Pour une escapade gourmande entre amateurs de vin et locavores
Prévisible, la gastronomie hors de Montréal ? De moins en moins, car une nouvelle génération de chefs et de restaurateurs, après avoir fait leurs armes dans des établissements de la métropole, migrent vers les couronnes nord et sud (et au-delà !), avec au menu une approche décomplexée, des assiettes bien roulées et, alléluia, des cartes des vins qui s’aventurent hors des sentiers battus.
Depuis quelque temps, cette nouvelle garde semble avoir trouvé un terrain fertile pour s’émanciper hors de l’île. On pense à des bars à vin comme Oregon, à Laval, Deux, à Sainte-Thérèse, ou encore Comptoir, à Saint-Jean-sur-Richelieu, qui font chacun le pari de miser sur les vins nature, les importations privées et les petites cuvées. De quoi ravir les connaisseurs et les curieux expatriés de la métropole, à la recherche de nouvelles adresses à adopter.
C’est le cas du Chardo resto et bar à vin, un petit nouveau ouvert au début de l’automne, en plein centre de Bromont, dans la rue Shefford. Un projet d’un trio de jeunes restaurateurs : le chef Anthony Mesko (Bouillon Bilk, Europea) accompagné, en salle, d’Amélie Dubé et de Benoît Hébert. Ces derniers ont d’ailleurs fait partie de la toute première cohorte de lauréats de la Dotation pour les jeunes talents de Gault & Millau, le printemps dernier.
L’art de bien boire
Établi dans une petite maison de briques, le Chardo propose un intérieur moderne et épuré assez simple. À l’avant se trouve une salle rectangulaire où sont disposées la grande majorité des 45 places. Derrière un muret s’élance un long bar en bois d’une dizaine de chaises, d’où l’on peut apercevoir les cuisiniers à l’œuvre. Deux grandes fenêtres donnent sur la rue principale et, par beau temps, la terrasse… qui n’était évidemment pas ouverte lors de notre passage ; le mercure avoisinait les – 30 °C en ce glacial temps des Fêtes.
Pas de fioritures côté décor, donc, mais un environnement où l’on a mis les attentions à la bonne place (par exemple, de belles chaises confortables en velours gris bleuté en salle) et où, surtout, on est accueilli avec le sourire, de façon affable, par le personnel éminemment sympathique.

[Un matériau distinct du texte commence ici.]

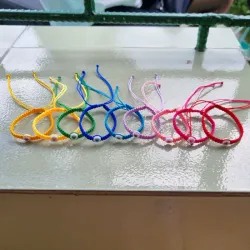 Pulsera con corazón tejida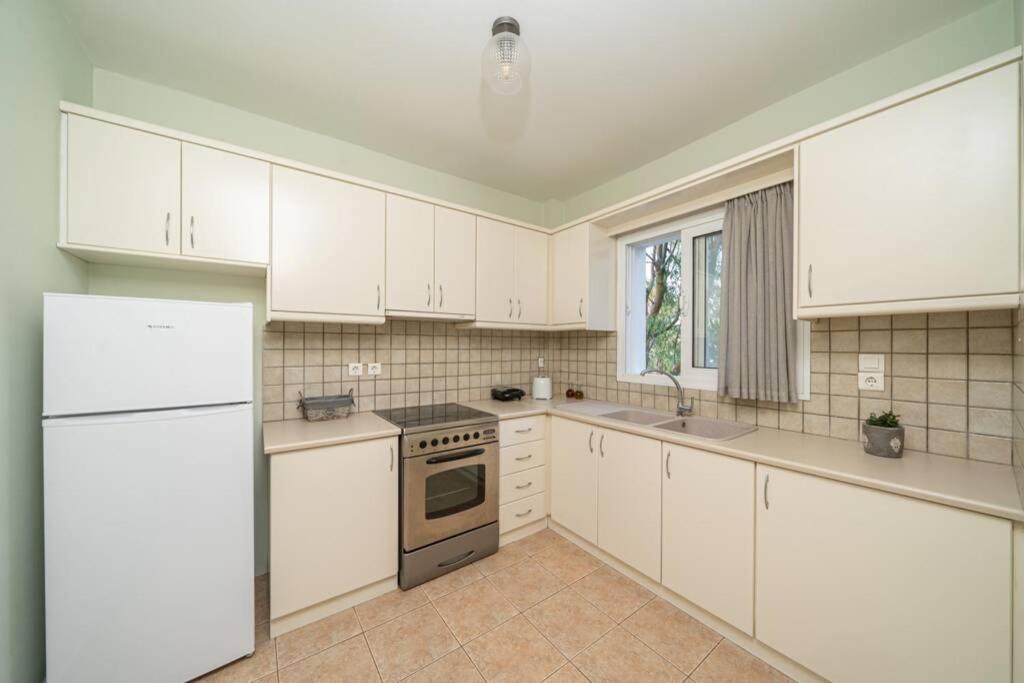 ארגוסטולי Central & Elegant Suite With Private Garden מראה חיצוני תמונה
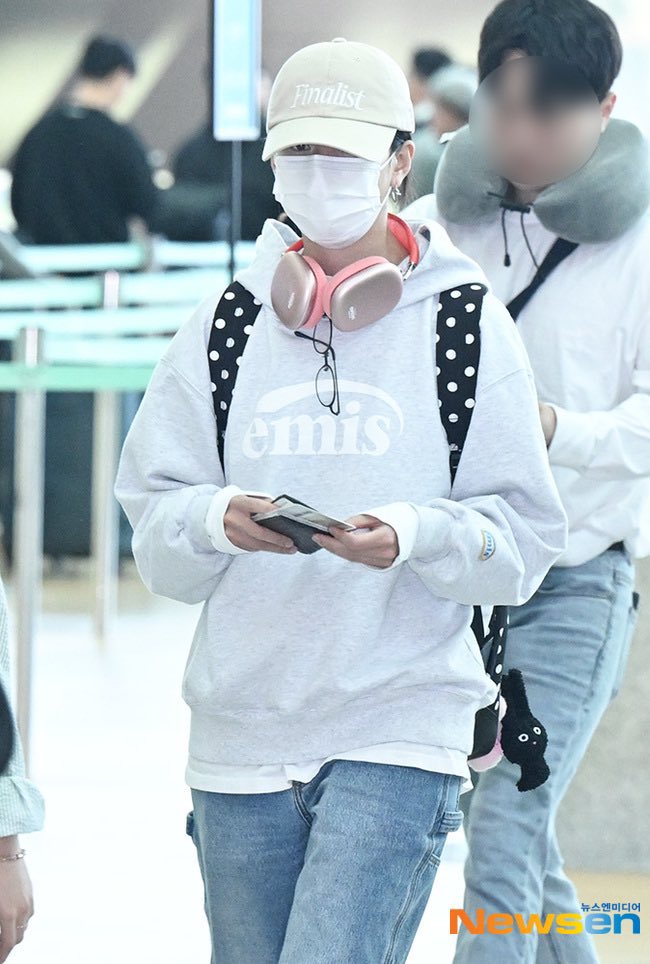 bin_x22's tweet photo. 효주언니 출국! 잘다녀와용~💕💕 https://t.co/i73KPRrXn1
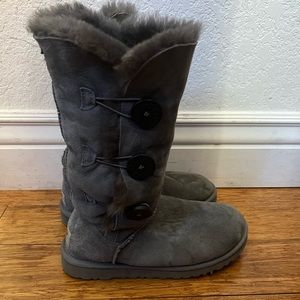 Bailey Button Triplet II Boot in Grey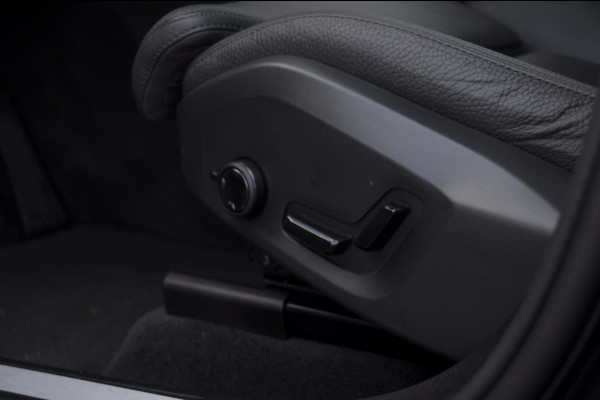 Volvo XC60 T6 350PK Automaat AWD Plus Dark / Adaptieve cruise control / Parkeersensoren met 360 camera / Stoel - en stuurwielverwarming / Elektrische stoelen met geheugen / Getint glas / Apple carplay / Keyless entry / Elektrische achterklep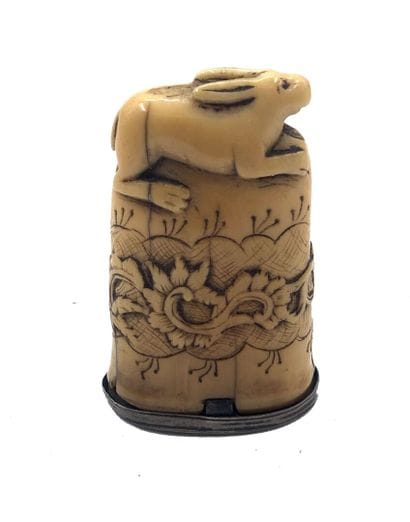 Tabatière en corne sculptée d'un lièvre et...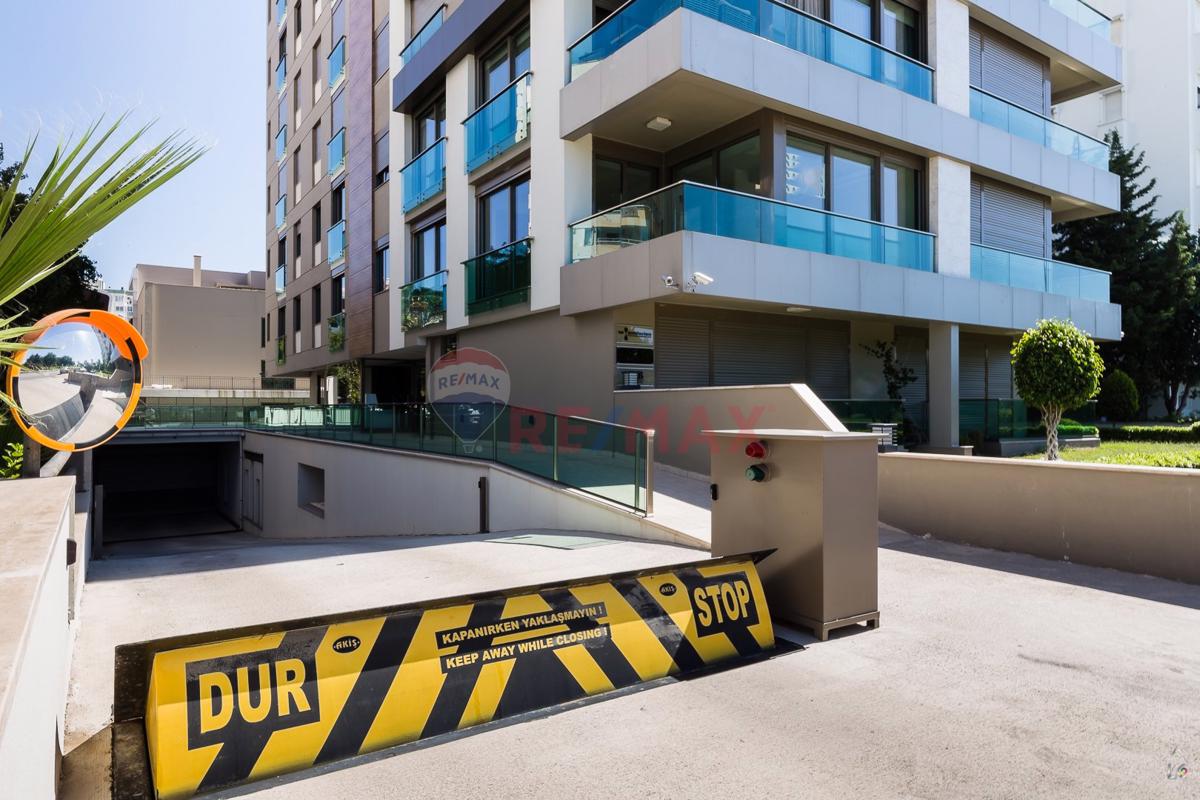 HÜSEYİN ÇELİK'ten LARA SAHİL BANDI'nda EŞYALI LÜKS 4+1 KİRALIK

En quelques instants, on s’y sent chez soi.
Assis au bar avec ma comparse de la soirée, c’est d’abord la carte des vins et alcools qui attire notre attention.
Vins bios ou nature, le jus « vivant » est à l’honneur chez Chardo, qui fait le pari d’intéresser la clientèle à ce type de produits – d’ici et d’ailleurs, plusieurs bouteilles québécoises se taillant une jolie place dans la sélection.
Un pari réussi. Les néophytes comme les connaisseurs y trouveront leur compte puisque l’endroit se fait un point d’honneur de proposer avant tout des bouteilles qui se boivent bien, peu importe qu’on ait les papilles exploratrices ou non. Saluons au passage l’offre intéressante de vin orange au verre, une belle façon de s’initier à ce type de vinification.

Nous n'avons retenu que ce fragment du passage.